EXERCISE REQUIREMENTS → What you return must match the entries exactly, except that the pictures are gone.

[Opening RECORDS SHOWN section]

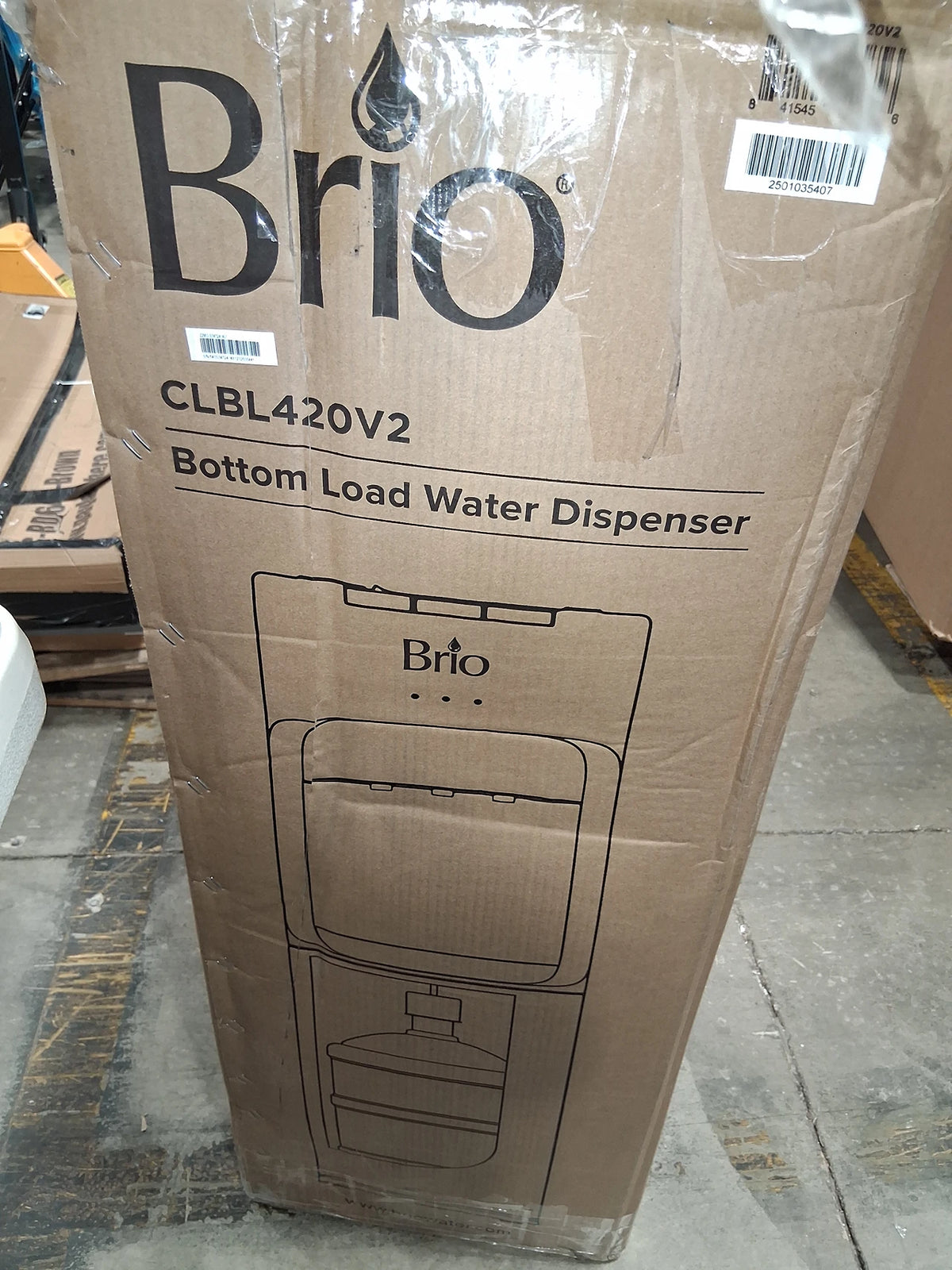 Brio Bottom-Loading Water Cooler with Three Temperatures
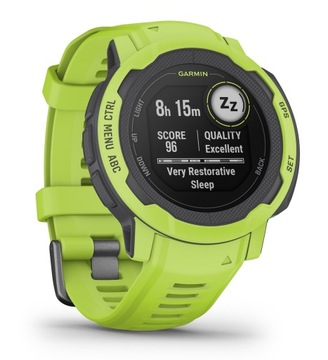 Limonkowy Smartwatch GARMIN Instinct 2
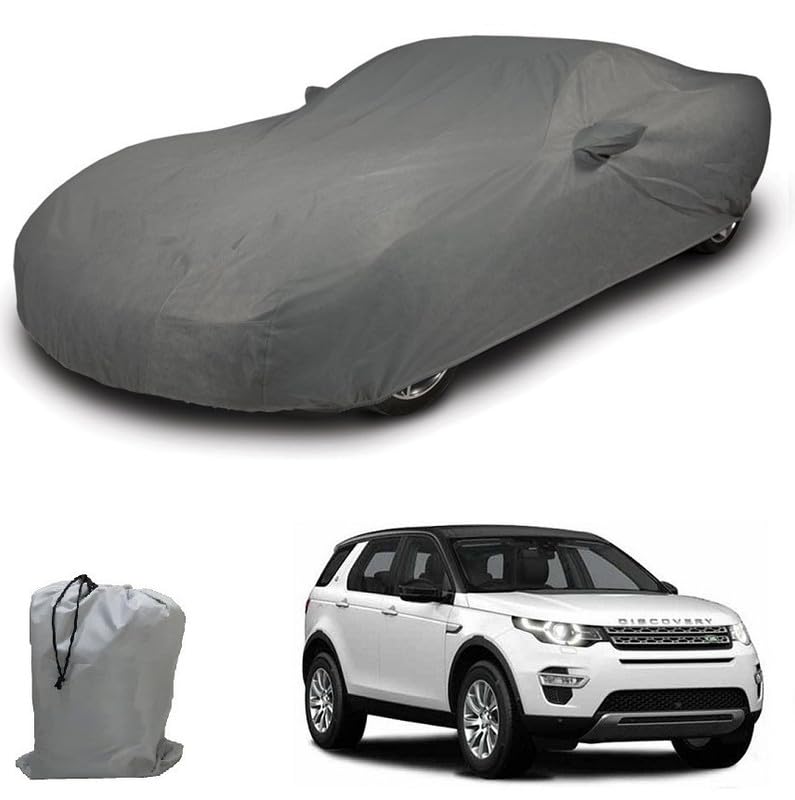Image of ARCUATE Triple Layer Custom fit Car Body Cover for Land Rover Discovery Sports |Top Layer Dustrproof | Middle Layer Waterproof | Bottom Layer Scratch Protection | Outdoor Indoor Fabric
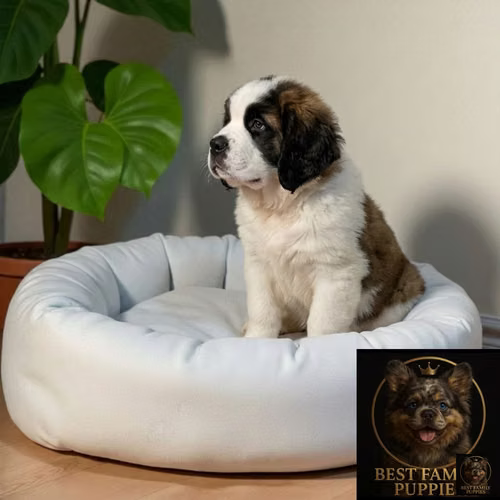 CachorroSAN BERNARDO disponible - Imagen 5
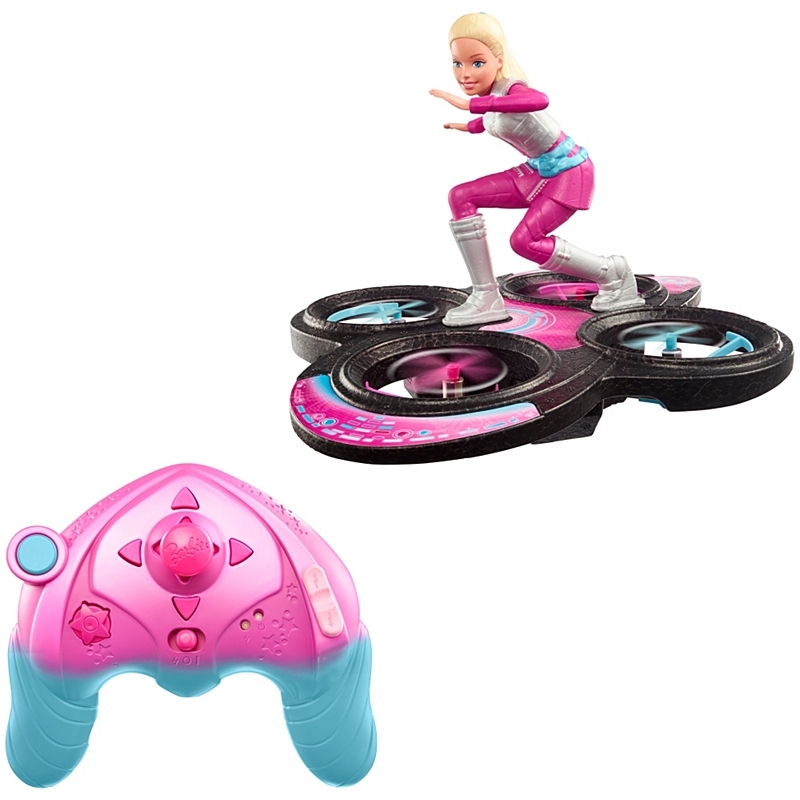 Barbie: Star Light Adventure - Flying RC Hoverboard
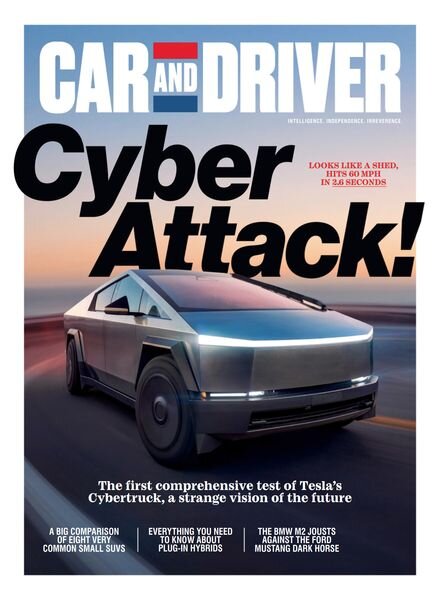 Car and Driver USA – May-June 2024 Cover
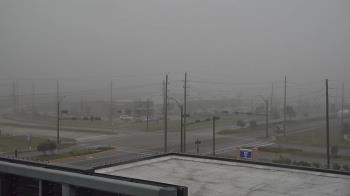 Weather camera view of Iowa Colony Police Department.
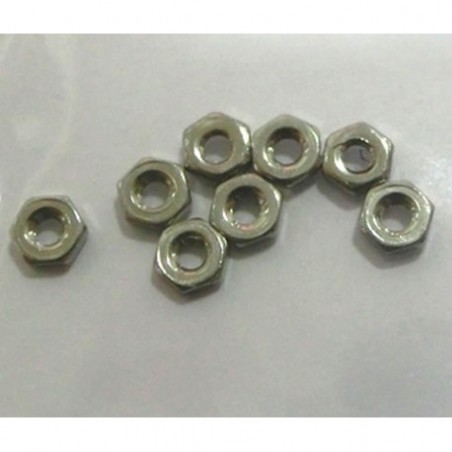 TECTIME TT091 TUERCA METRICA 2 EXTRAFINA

[Closing RECORDS SHOWN section]

EXERCISE SOLUTION →
 Brio Bottom-Loading Water Cooler with Three Temperatures
 Limonkowy Smartwatch GARMIN Instinct 2
Image of ARCUATE Triple Layer Custom fit Car Body Cover for Land Rover Discovery Sports |Top Layer Dustrproof | Middle Layer Waterproof | Bottom Layer Scratch Protection | Outdoor Indoor Fabric
 CachorroSAN BERNARDO disponible - Imagen 5
 Barbie: Star Light Adventure - Flying RC Hoverboard
 Car and Driver USA – May-June 2024 Cover
 Weather camera view of Iowa Colony Police Department.
 TECTIME TT091 TUERCA METRICA 2 EXTRAFINA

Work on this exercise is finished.